How many shares a co-op controls?
Started by CR123
about 10 years ago
Posts: 35
Member since: Apr 2013
Discussion about
Hello, Is there any way to quickly find out how many shares a particular unit or apartment controls/owns in a co-op building? (Without necessarily going to the managing agent or anything). Is this kind of information available from ACRIS or something? Thanks!
I could be wrong but I think that is only on the proprietary lease. Maybe a real estate agent that specializes in the co-op will know.
It should be in the offering plan.
The share allocation is in the offering plan. You can get it at the Attorney General's office, or it might be at offeringplanet.com.

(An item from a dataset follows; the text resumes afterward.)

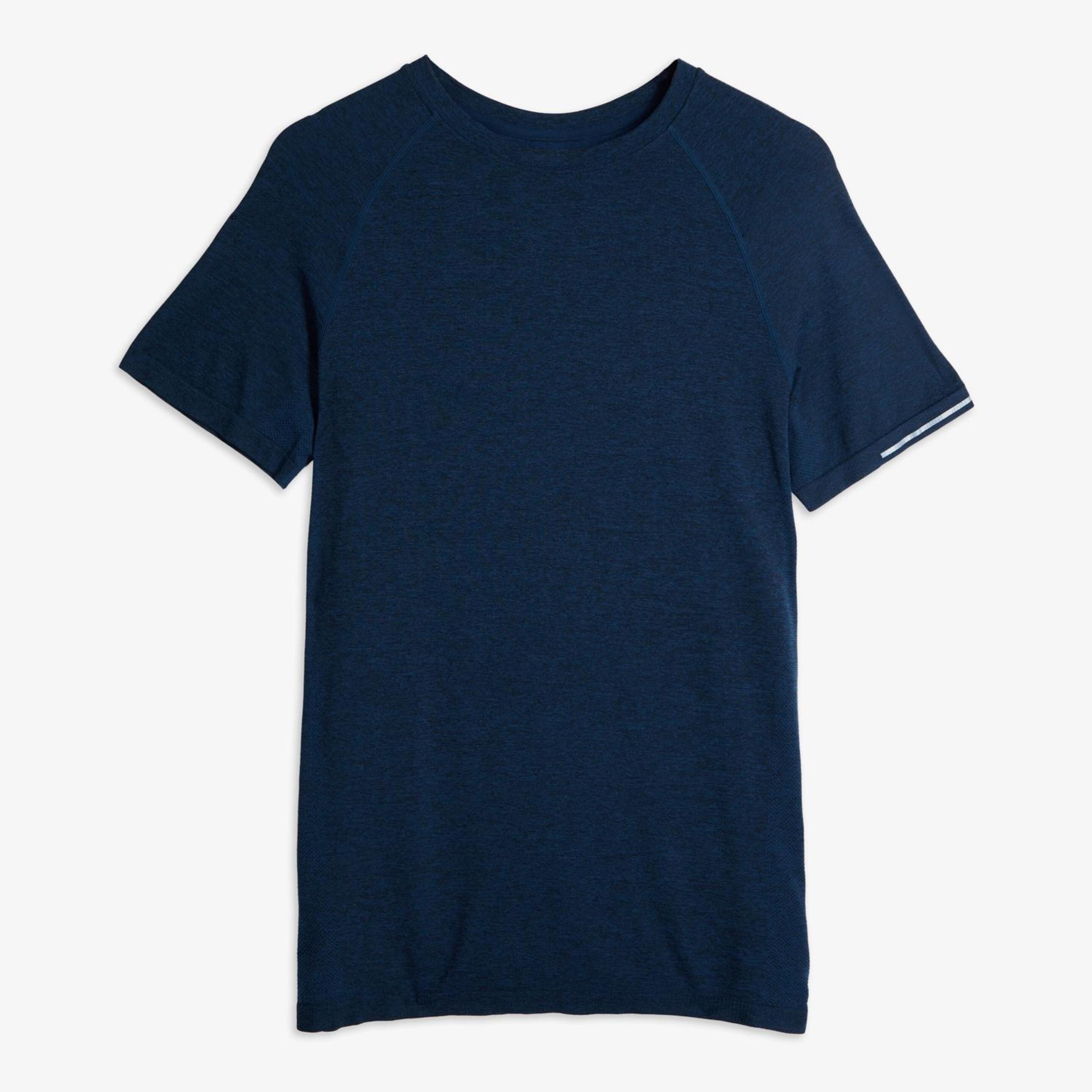 Doone Activ  - Marino - Camiseta Sin Costuras Hombre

Otherwise, you can use ACRIS to get the share count from each UCC1 that's been filed. Plug those numbers into a floor/line spreadsheet, and you'll see a pattern emerge for the typical floors.

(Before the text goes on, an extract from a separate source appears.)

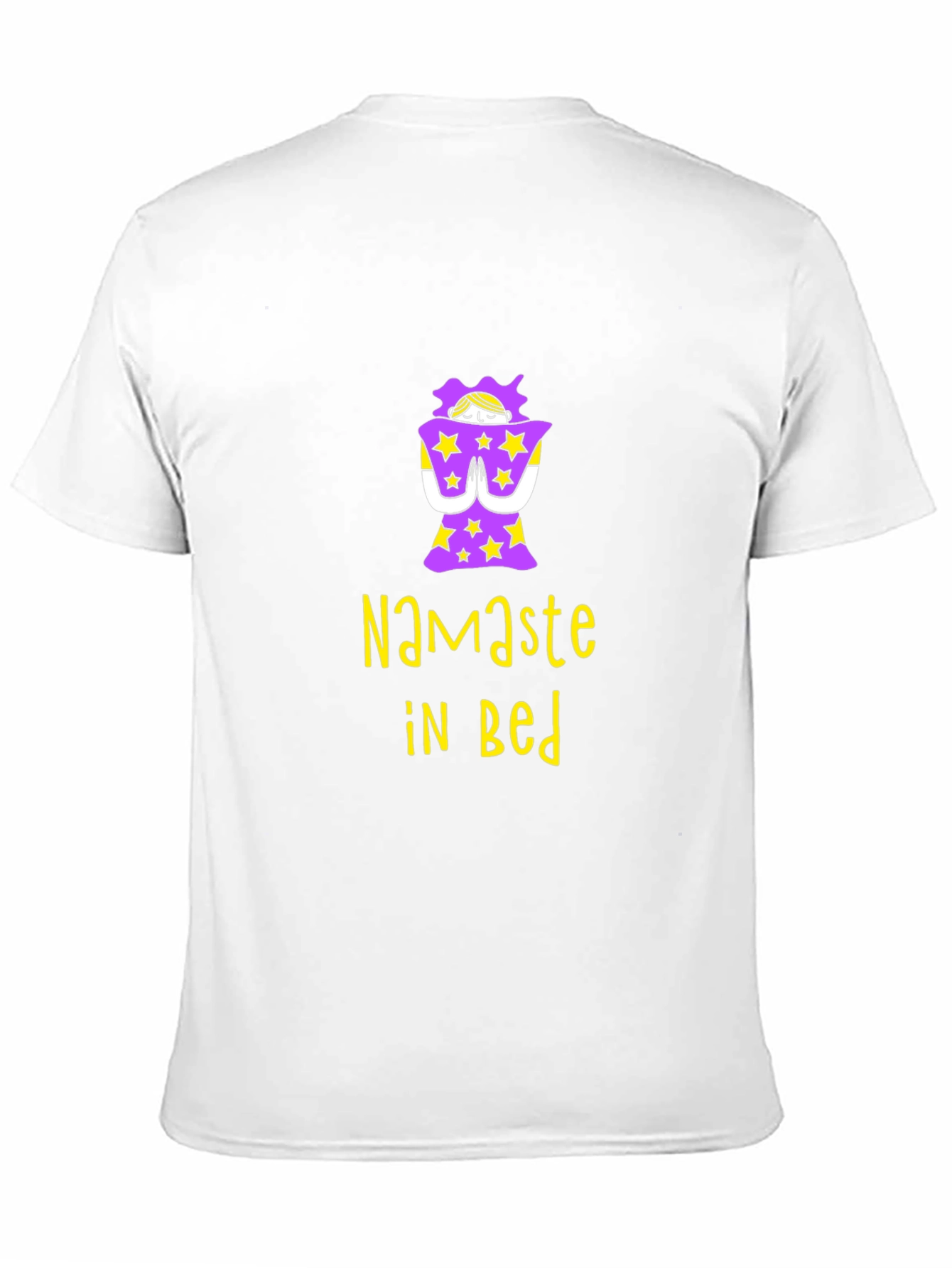 Namaste In Bed Graphic Tee - Black Cotton T-Shirt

If you know the name of the current or a previous shareholder, you can search by name and find the UCC1s that way, if they've ever had a share loan.
Thanks NWT, just what I was looking for!
The building is not on offeringplanet, unfortunately. So I'd have to use ACRIS. Based on what you said ("Plug those numbers into a floor/line spreadsheet, and you'll see a pattern emerge for the typical floors") do you mean I won't be able to get an exact share amount for the unit? Only an estimate?
Oh, and another question:
What if there aren't any UCC1's listed on ACRIS? One of the apartments I'm trying to look up (find the # of shares -- the exact # of shares) only has UCC3 TERMINATION, UCC COOPERATIVE ADDENDUM, and BOTH RPTT AND RETT listed.
If there're UCC3s there, then go back several years and you'll find the UCC1s.
The spreadsheet is for if you don't have a name of an owner. Let's say you want 6A, but none of its owners has ever had a share loan. If 5A has 110 shares and 7A has 114, then 6A would have 112.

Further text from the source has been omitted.